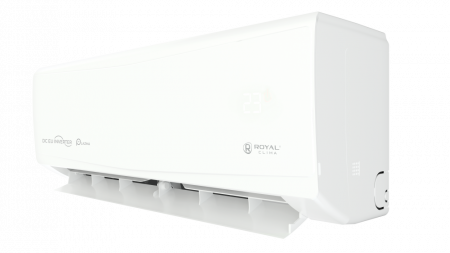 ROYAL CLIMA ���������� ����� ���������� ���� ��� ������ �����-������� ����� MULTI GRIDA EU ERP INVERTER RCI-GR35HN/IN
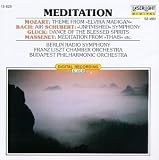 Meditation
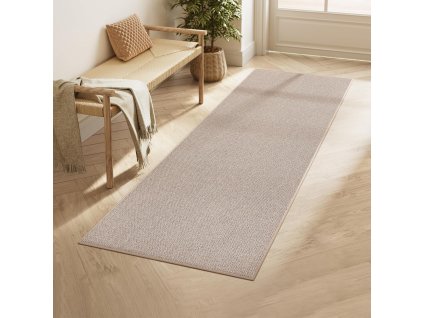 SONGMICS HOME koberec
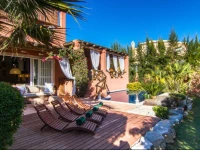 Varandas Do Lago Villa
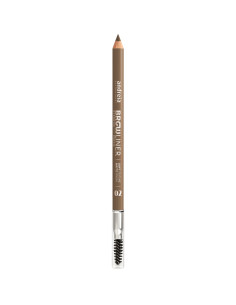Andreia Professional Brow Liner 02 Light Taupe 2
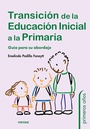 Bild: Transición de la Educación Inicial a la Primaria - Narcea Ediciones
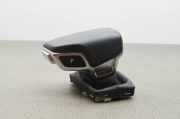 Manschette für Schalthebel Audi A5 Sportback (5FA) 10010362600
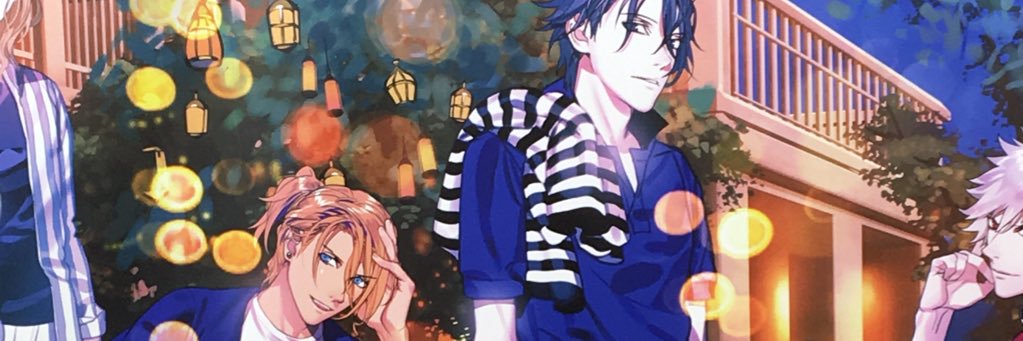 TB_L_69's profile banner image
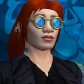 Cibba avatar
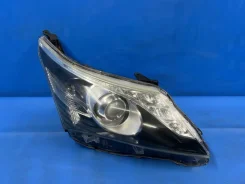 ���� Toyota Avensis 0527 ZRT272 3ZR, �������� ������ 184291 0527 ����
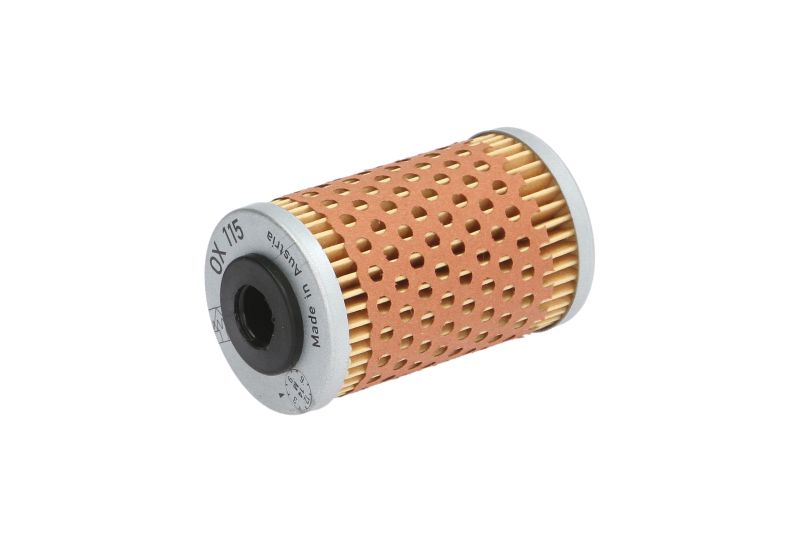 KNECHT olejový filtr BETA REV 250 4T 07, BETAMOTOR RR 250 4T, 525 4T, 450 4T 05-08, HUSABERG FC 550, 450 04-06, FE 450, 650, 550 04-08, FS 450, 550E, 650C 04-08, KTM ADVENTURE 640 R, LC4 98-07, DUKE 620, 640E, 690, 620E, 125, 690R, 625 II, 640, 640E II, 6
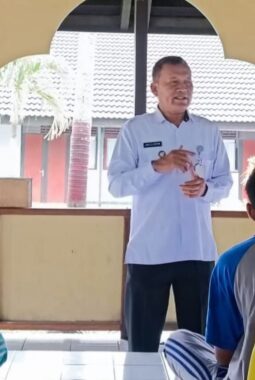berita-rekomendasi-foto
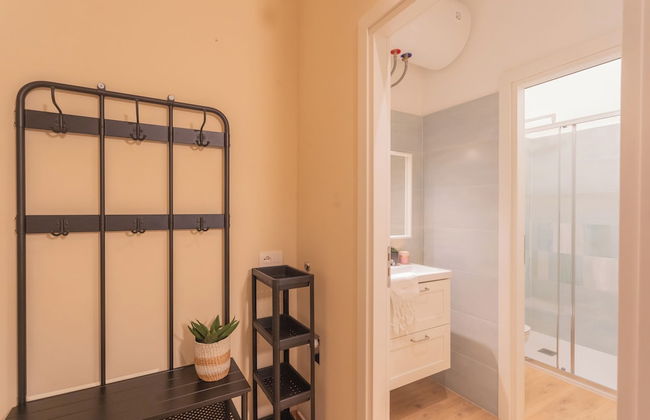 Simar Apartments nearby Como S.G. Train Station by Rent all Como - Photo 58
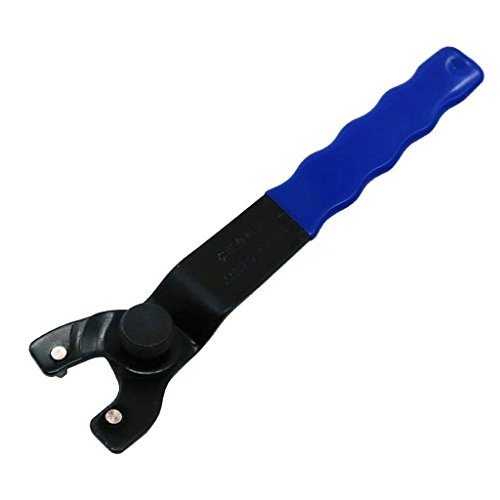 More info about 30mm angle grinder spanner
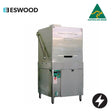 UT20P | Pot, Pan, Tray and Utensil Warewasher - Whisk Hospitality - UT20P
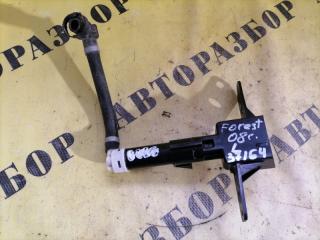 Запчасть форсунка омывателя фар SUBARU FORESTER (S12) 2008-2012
=-=-=-=-=
Brief – Your copy should begin at the line containing "Andreia Professional Brow" and end at the last line of the data above, matching each line exactly and holding no pictures.

Your solution –
Andreia Professional Brow Liner 02 Light Taupe 2
 Bild: Transición de la Educación Inicial a la Primaria - Narcea Ediciones
 Manschette für Schalthebel Audi A5 Sportback (5FA) 10010362600
 TB_L_69's profile banner image
 Cibba avatar
 ���� Toyota Avensis 0527 ZRT272 3ZR, �������� ������ 184291 0527 ����
 KNECHT olejový filtr BETA REV 250 4T 07, BETAMOTOR RR 250 4T, 525 4T, 450 4T 05-08, HUSABERG FC 550, 450 04-06, FE 450, 650, 550 04-08, FS 450, 550E, 650C 04-08, KTM ADVENTURE 640 R, LC4 98-07, DUKE 620, 640E, 690, 620E, 125, 690R, 625 II, 640, 640E II, 6
berita-rekomendasi-foto
 Simar Apartments nearby Como S.G. Train Station by Rent all Como - Photo 58
 More info about 30mm angle grinder spanner
 UT20P | Pot, Pan, Tray and Utensil Warewasher - Whisk Hospitality - UT20P
 Запчасть форсунка омывателя фар SUBARU FORESTER (S12) 2008-2012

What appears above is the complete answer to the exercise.